I like to put the jars in those, wrap with tissue and put in the padded envelope and write a little thank you on the back of my business card and pop that in with a little extra sample of something. I like to put in my new colors if I have one. Then it's print the shipping labels, stick them on and off to the P.O.
By this time it's generally 5-5:30 and time to pick up boy from school. I do most of my email, internet etc. work- ordering supplies, researching said supplies(always looking for a better quality/price on things), making new shades (which I love to do) and custom color matching, making lip balms, lipstick balms and whipped perfumes after suppertime.
Hopefully you're still with me and not too bored after that manifesto!
Q: If you could go back in time, what advice would you give yourself?
How far back? High school? Before I got married? LOL
If I could go back to when I first had to sell my makeup, I would tell myself to write down a mini business plan with financial goals, and above all to market my makeup HARD. I really didn't know what to do and there are other people that are much more well known than me that started their makeup businesses a long while after me.

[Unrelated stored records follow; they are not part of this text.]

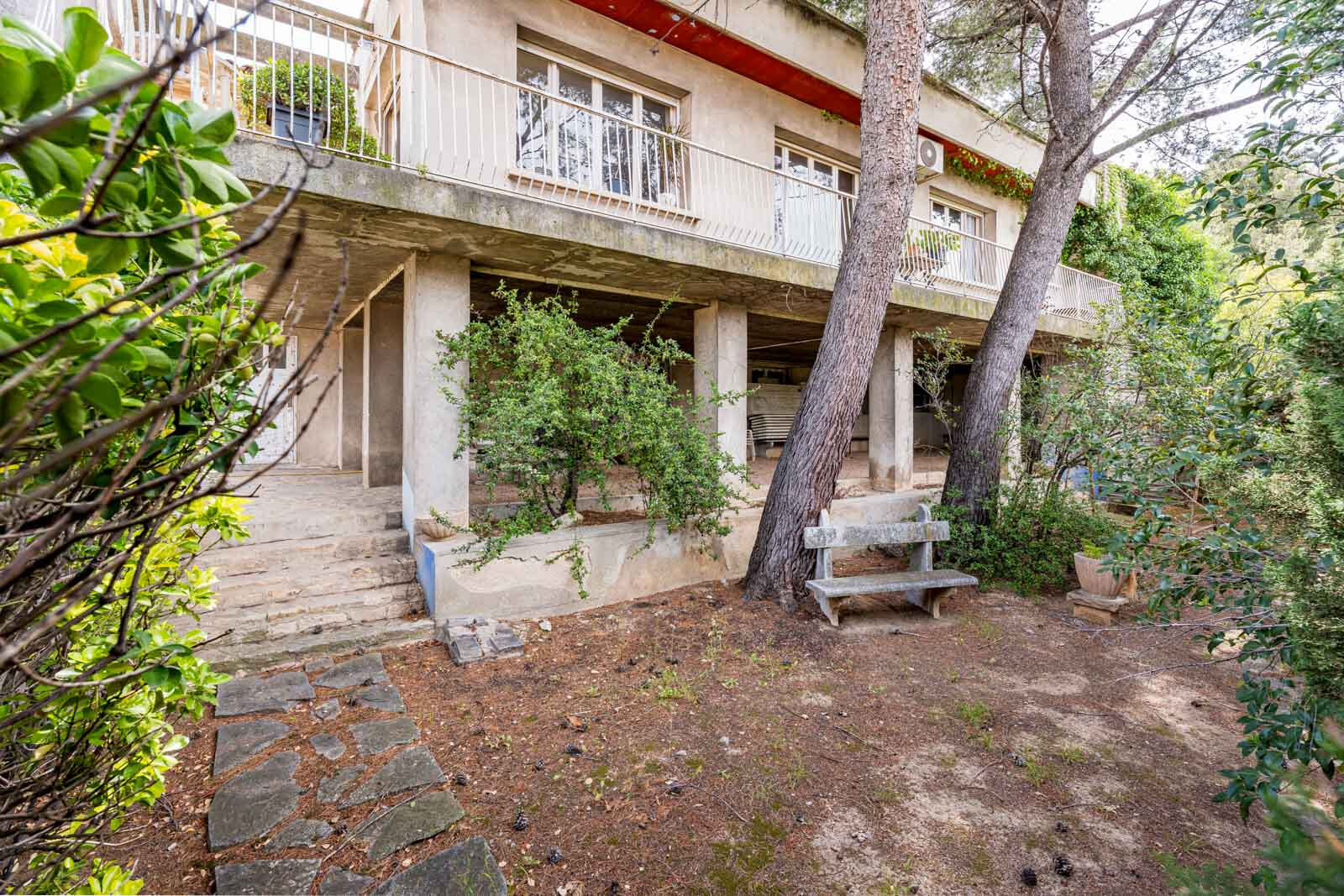 Villa / Maison  T5 à vendre Aubagne 13400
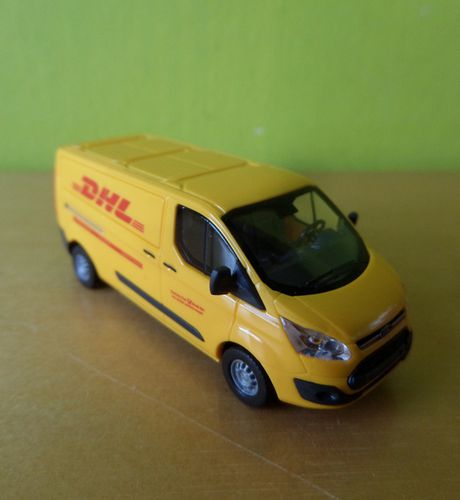 Busch H0 52411 Ford Transit DHL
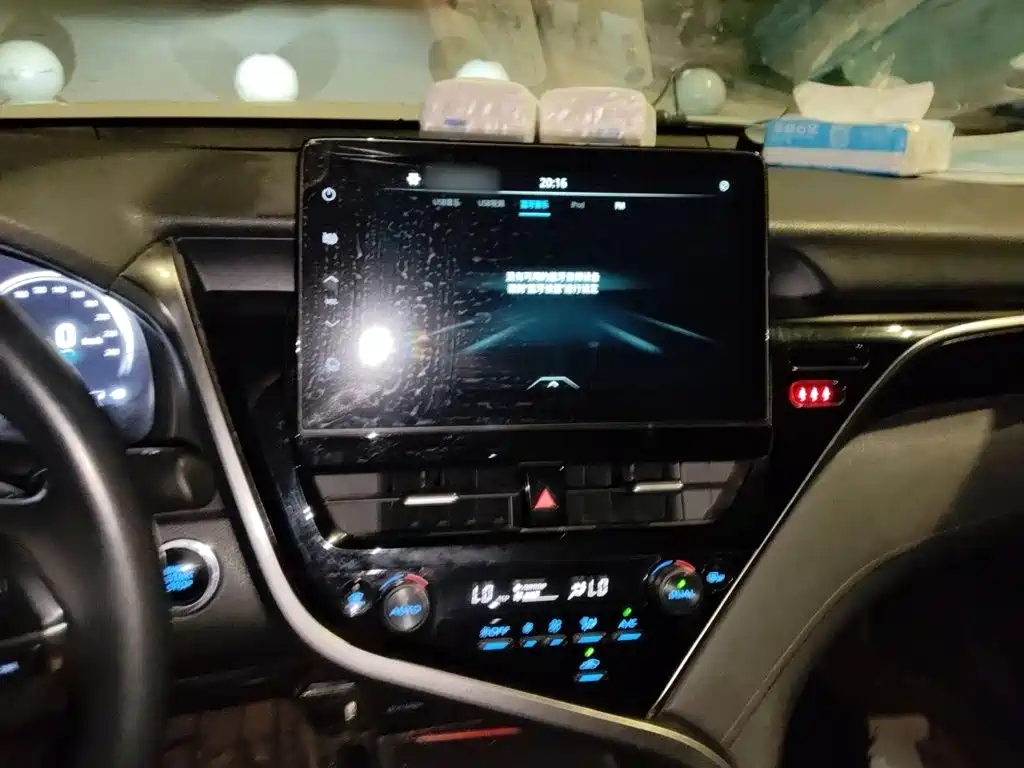 Toyota Camry — миниатюра 6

It's now to the point where there are SO many makeup sellers it's amazing I get any new customers at all. I would really push the custom foundation aspect a lot more, and I would likely use more than the 7 ingredients that I do use so I could get more bright colors and color changing products- or at least start 2 completely separate makeup lines to do that.
I would force myself to learn to use an accounting software instead of what I still use, a ledger book.
I would tell myself not to be afraid of facebook, twitter and other social networking and tell myself to actually learn how to use all these great tools instead of just the rudimentary aspects.
I also would tell myself to open a supply shop on Etsy :)
Q: What advice would you give someone else?
I'd love to sound all sage and wise here and say something about being true to your vision or don't give up on your dreams or such. Other more eloquent people have said those things already.
All I can say is if you want to make things to sell to make a living, it's going to be a hard road so prepare yourself by talking to successful business people in your community and online and take advantage of all the business and marketing info on the internet that you can.
Also make sure you know how much it will cost to start up, then double it. It is possible, and it is worth it.